Custom module super class function fails to move module to to other device DataParallel

Hello everyone. I wondering if someone know of a work around for the following issue (or if it’s a bug). I have a function defined in a superclass that calls the forward of a custom module. When I call this function in the sub class in a data parallel setup, the custom module is on the wrong device.
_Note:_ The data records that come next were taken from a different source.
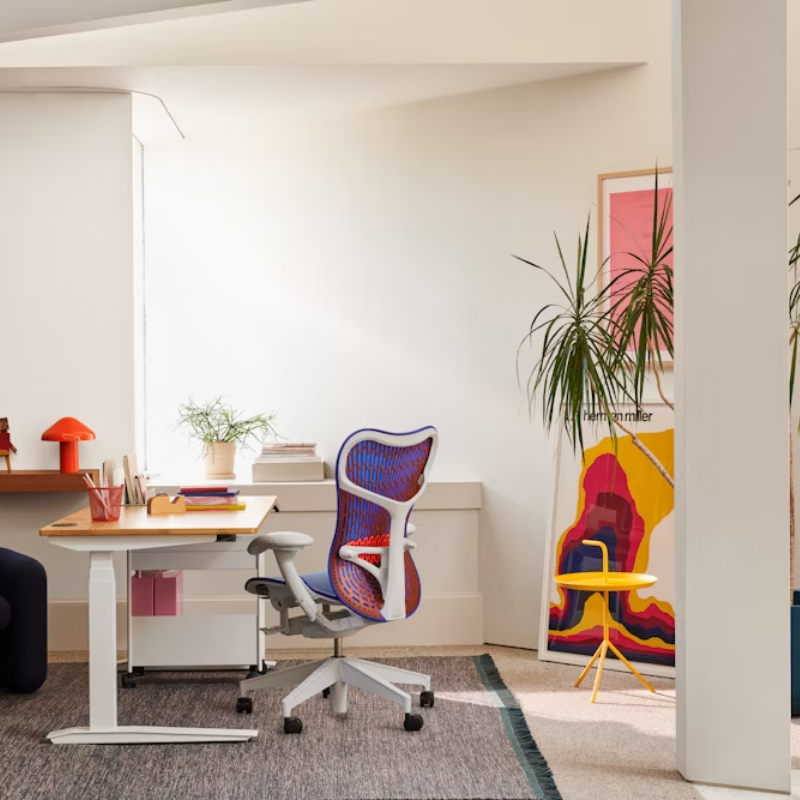 The Mirra 2 Chair from Herman Miller with the butterfly suspension back and alpine frame in ultramarine blue color in an art studio.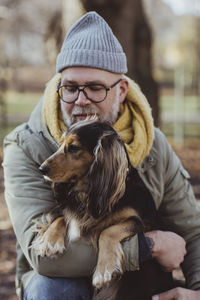 Man embracing dog while crouching at park during autumn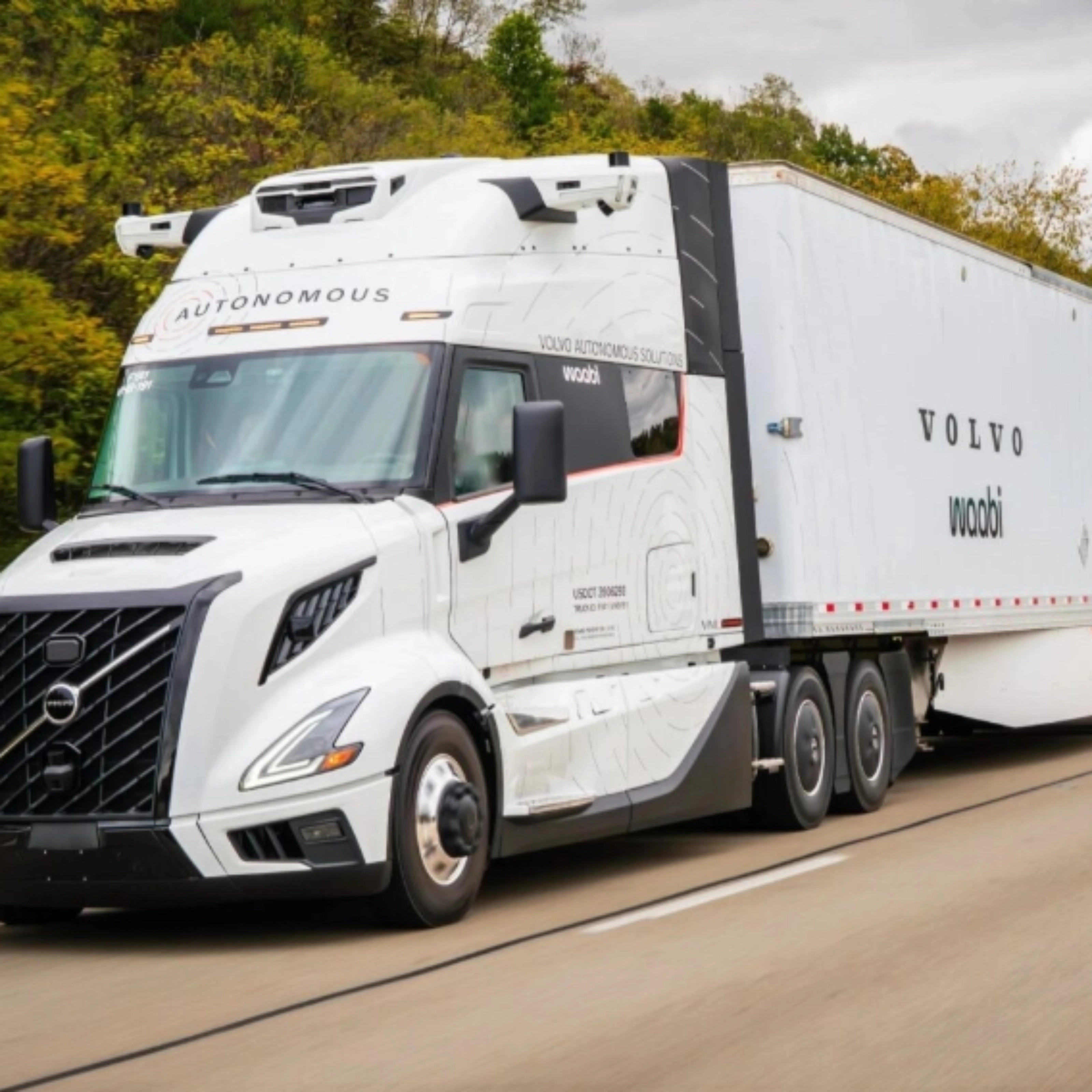 Ein weißer autonomer Volvo-Lkw mit Waabi-Logo fährt auf einer Autobahn an Bäumen vorbei.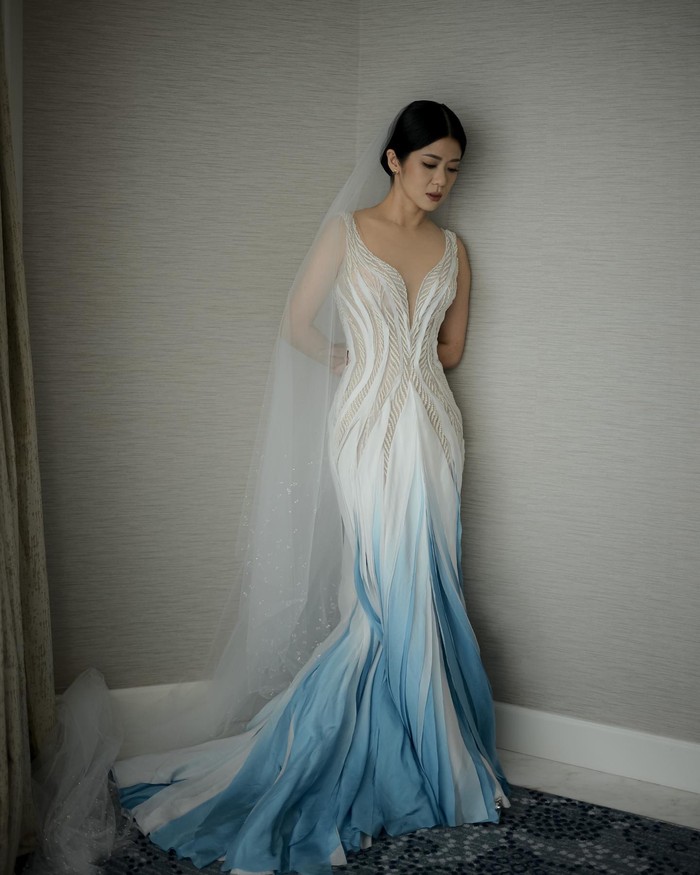 Detail ombre di bagian bawah membuat look gaun putih yang cantik jadi anti-mainstream. Sleeveless dress with plunging neckline ini dihiasi dengan manik-manik berbentuk daun. Tampilanmu pun terlihat lebih ramping dan memukau. (Foto: Instagram/Hian Tjen)
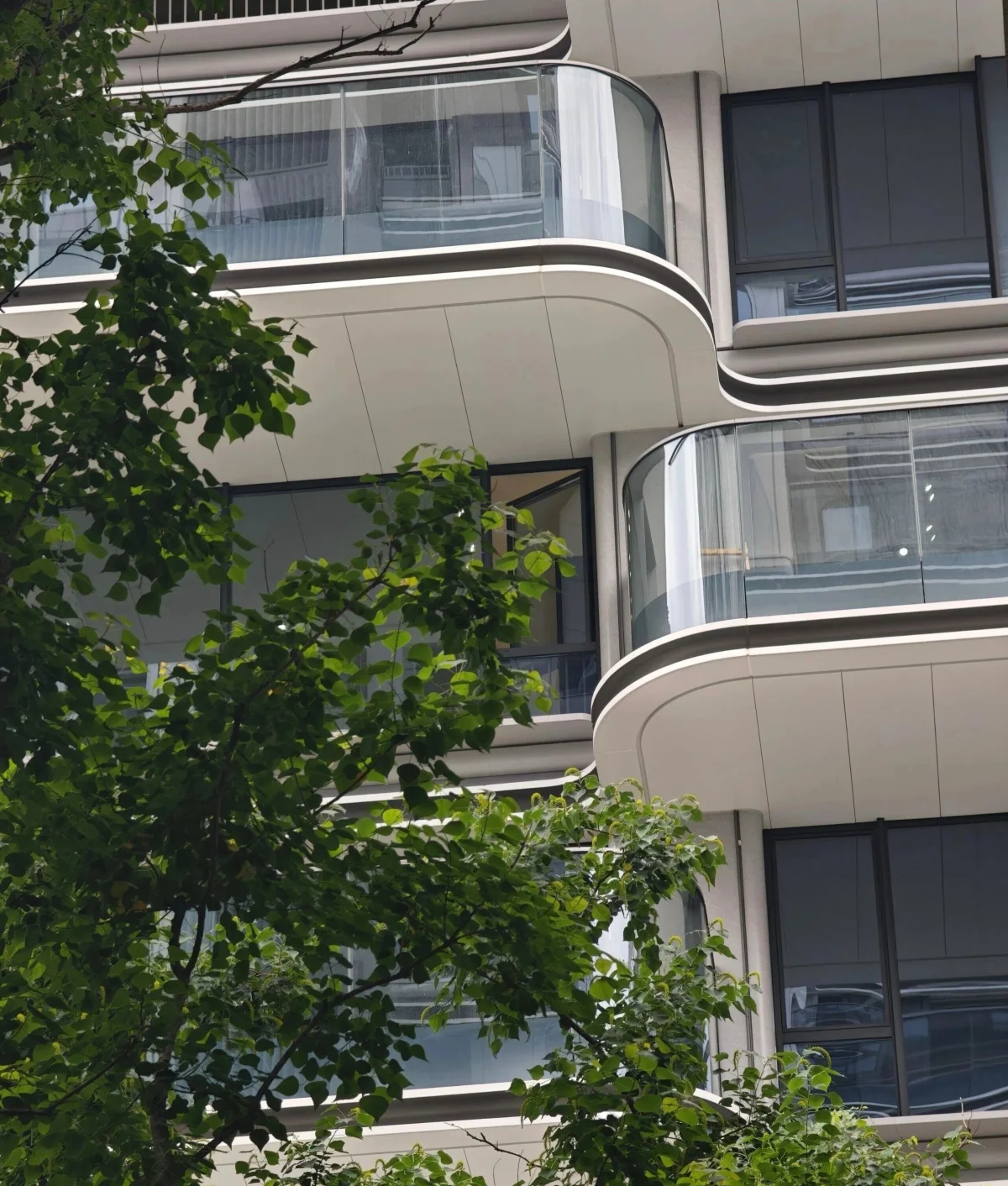 Separate residential facade with rounded balcony edges, pale soffits and glazed balustrades.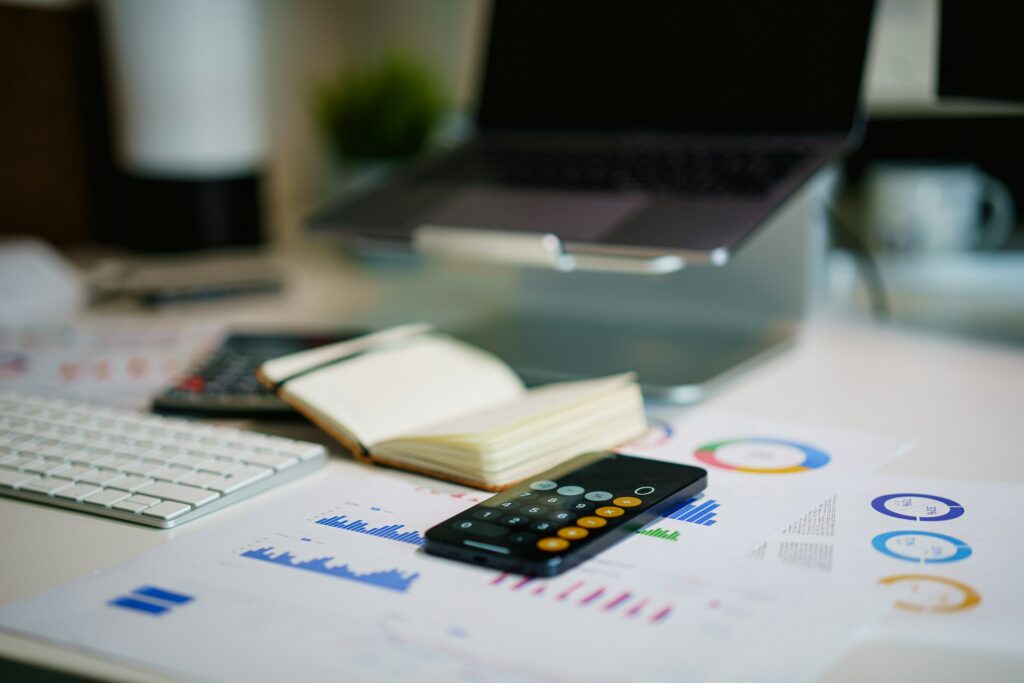 calculator, laptop, notepad, and financial documents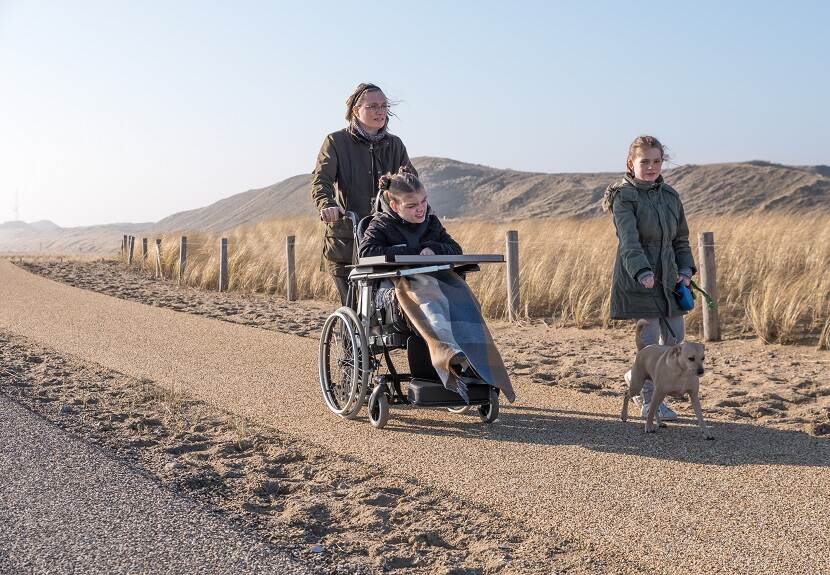 Meisje in rolstoel wandelt met moeder, zusje en hond door de duinen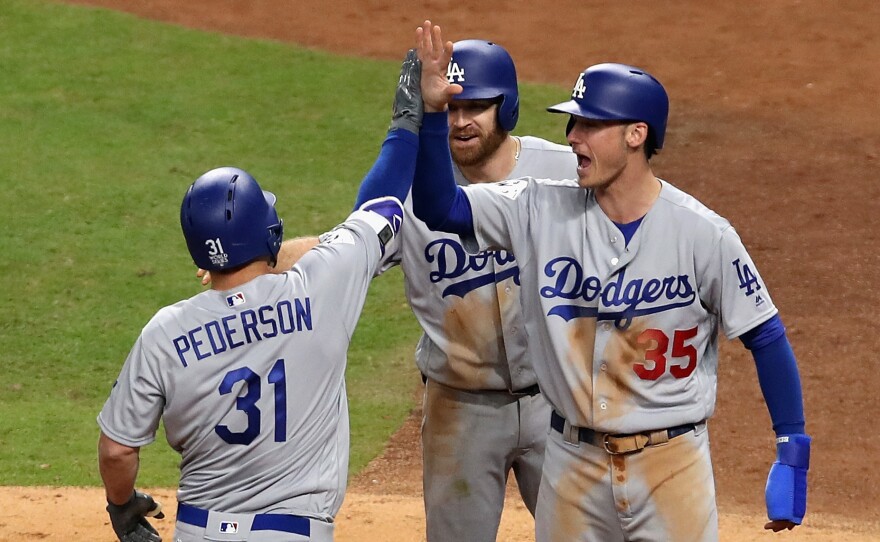 Joc Pederson of the Los Angeles Dodgers celebrates hitting a three-run home run in the ninth inning.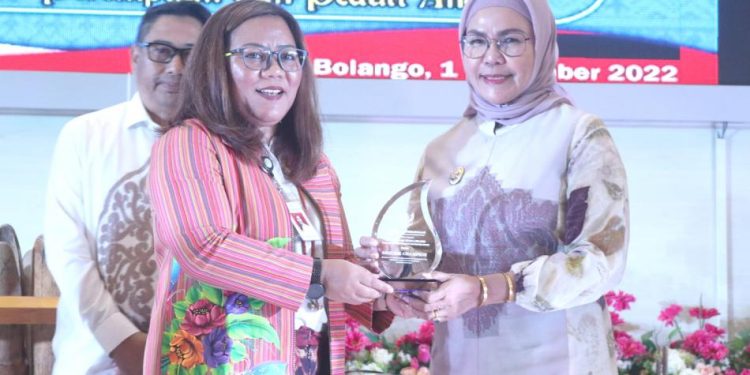 Peduli Perlindungan Perempuan dan Anak, Wabup Merlan saat menerima Penghargaan Gender Champion yang diserahkan oleh Asisten Deputi Perlindungan Khusus Anak dan Kekerasan Kementerian Pemberdayaan Perempuan dan Perlindungan Anak RI, Ciput Eka Purwianti pada kegiatan workshop Desa Ramah Perempuan dan Peduli Anak (DRPPA) tingkat Kabupaten Bone Bolango tahun 2022, di Aula BPMP Provinsi Gorontalo, di Kecamatan Tilongkabila, Kamis (1/12/2022).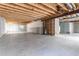 Spacious unfinished basement with concrete floor and exposed wood ceiling at 4428 S Kalispell Cir, Aurora, CO 80015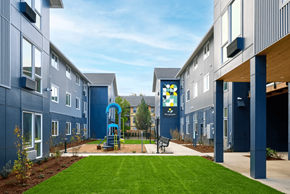 Portland apartment for rent - A playground area is located between two buildings.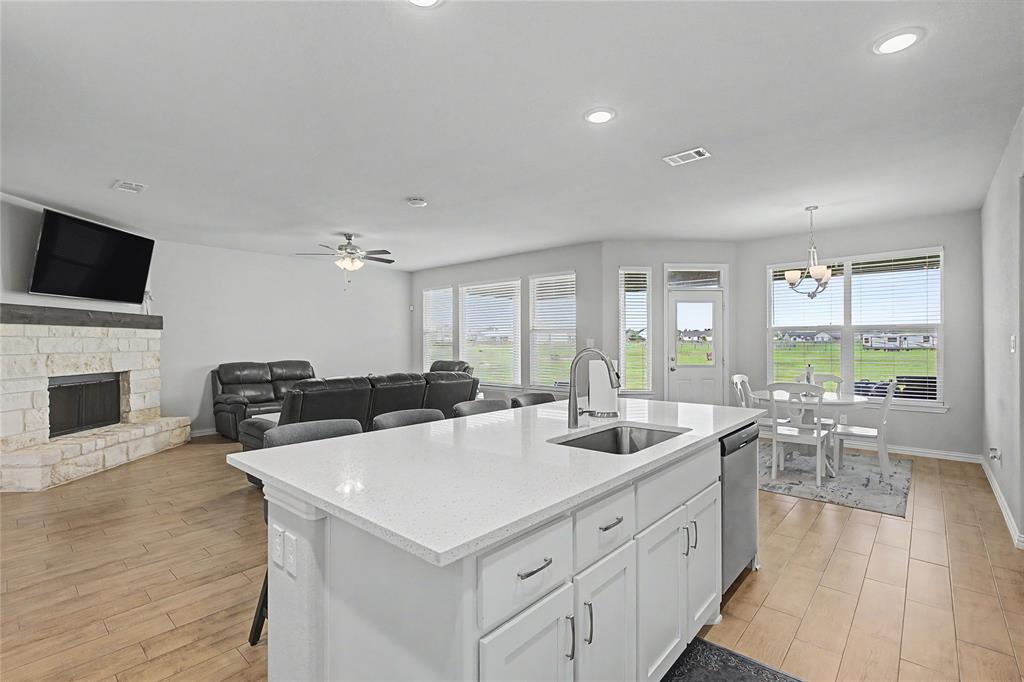 Expansive kitchen island with a white countertop and undermount sink, stainless steel dishwasher, wood-finish flooring, stone fireplace, and ample natural light from multiple windows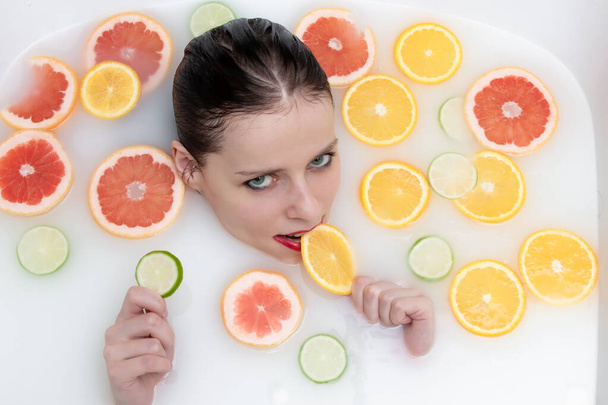 Portrait of a girl with fruit in a bath - Photo, Image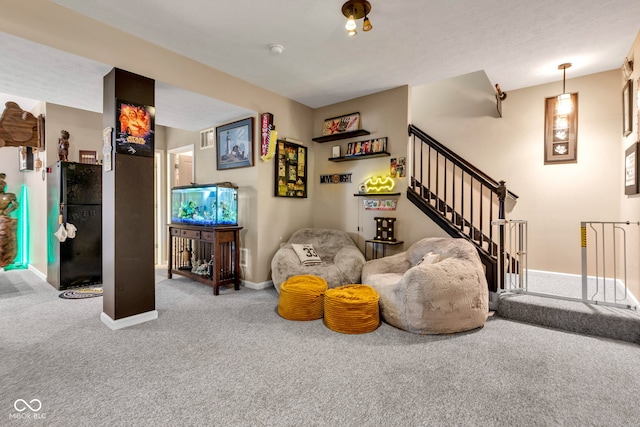 5961 Pine Bluff Dr, Avon, IN 46123 - sitting room with carpet flooring and stairway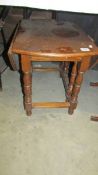 A small oak drop side table. Collect only.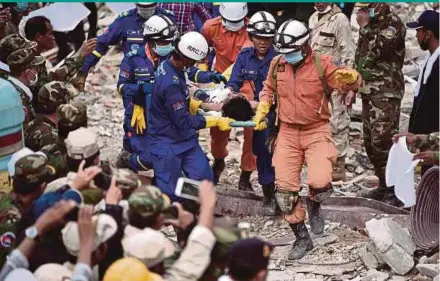  ?? REUTERS PIC ?? A rescue team carrying a wounded worker from a collapsed building in Sihanoukvi­lle, Cambodia, on Monday.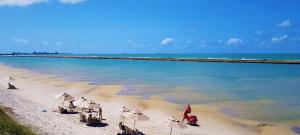 een strand met parasols en de oceaan bij Condomínio Enseada dos Corais apto completo in Cabo de Santo Agostinho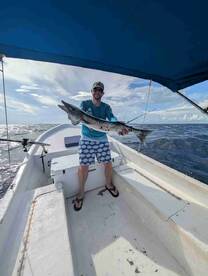 Angler proudly displaying a large Barracuda aboard a fishing boat in open waters.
Is this supposed to happen?

Minimal Example

import torch
import torch.nn as nn


class SuperClass(nn.Module):
    def __init__(self):
        super(SuperClass, self).__init__()
        self.fc2 = nn.Linear(100, 1)
        self.mid = nn.Linear(100, 100)
        self.f = self.my_layer_func
    def my_layer_func(self, x):
        return self.mid(x)


class SubClass(SuperClass):
    def __init__(self):
        super(SubClass, self).__init__()
    def forward(self, x):
        t = self.f(x)
        d = self.fc2(t)
        return d


print("Devices", torch.cuda.device_count())
mod = SubClass()
mod = nn.DataParallel(mod)
mod = mod.to(0)

input = torch.randn(2, 100, device=0)
out = mod(input)

Errors

Traceback (most recent call last):
  File "<stdin>", line 1, in <module>
  File "/dfs/scratch0/lorr1/py3.8/lib/python3.8/site-packages/torch/nn/modules/module.py", line 727, in _call_impl
    result = self.forward(*input, **kwargs)
  File "/dfs/scratch0/lorr1/py3.8/lib/python3.8/site-packages/torch/nn/parallel/data_parallel.py", line 161, in forward
    outputs = self.parallel_apply(replicas, inputs, kwargs)
  File "/dfs/scratch0/lorr1/py3.8/lib/python3.8/site-packages/torch/nn/parallel/data_parallel.py", line 171, in parallel_apply
    return parallel_apply(replicas, inputs, kwargs, self.device_ids[:len(replicas)])
  File "/dfs/scratch0/lorr1/py3.8/lib/python3.8/site-packages/torch/nn/parallel/parallel_apply.py", line 86, in parallel_apply
    output.reraise()
  File "/dfs/scratch0/lorr1/py3.8/lib/python3.8/site-packages/torch/_utils.py", line 428, in reraise
    raise self.exc_type(msg)
RuntimeError: Caught RuntimeError in replica 1 on device 1.
Original Traceback (most recent call last):
  File "/dfs/scratch0/lorr1/py3.8/lib/python3.8/site-packages/torch/nn/parallel/parallel_apply.py", line 61, in _worker
    output = module(*input, **kwargs)
  File "/dfs/scratch0/lorr1/py3.8/lib/python3.8/site-packages/torch/nn/modules/module.py", line 727, in _call_impl
    result = self.forward(*input, **kwargs)
  File "<stdin>", line 5, in forward
  File "<stdin>", line 8, in my_layer_func
  File "/dfs/scratch0/lorr1/py3.8/lib/python3.8/site-packages/torch/nn/modules/module.py", line 727, in _call_impl
    result = self.forward(*input, **kwargs)
  File "/dfs/scratch0/lorr1/py3.8/lib/python3.8/site-packages/torch/nn/modules/linear.py", line 93, in forward
    return F.linear(input, self.weight, self.bias)
  File "/dfs/scratch0/lorr1/py3.8/lib/python3.8/site-packages/torch/nn/functional.py", line 1690, in linear
    ret = torch.addmm(bias, input, weight.t())
RuntimeError: Expected tensor for 'out' to have the same device as tensor for argument #2 'mat1'; but device 0 does not equal 1 (while checking arguments for addmm)

If I instead change the my_layer_func to take as input the mid argument and pass that in during the forward of the subclass (i.e., self.f(x, self.mid)), things work fine. I’d rather not have to do that if possible.

Any suggestions?

Question: Can’t you directly call self.my_layer_func(x)?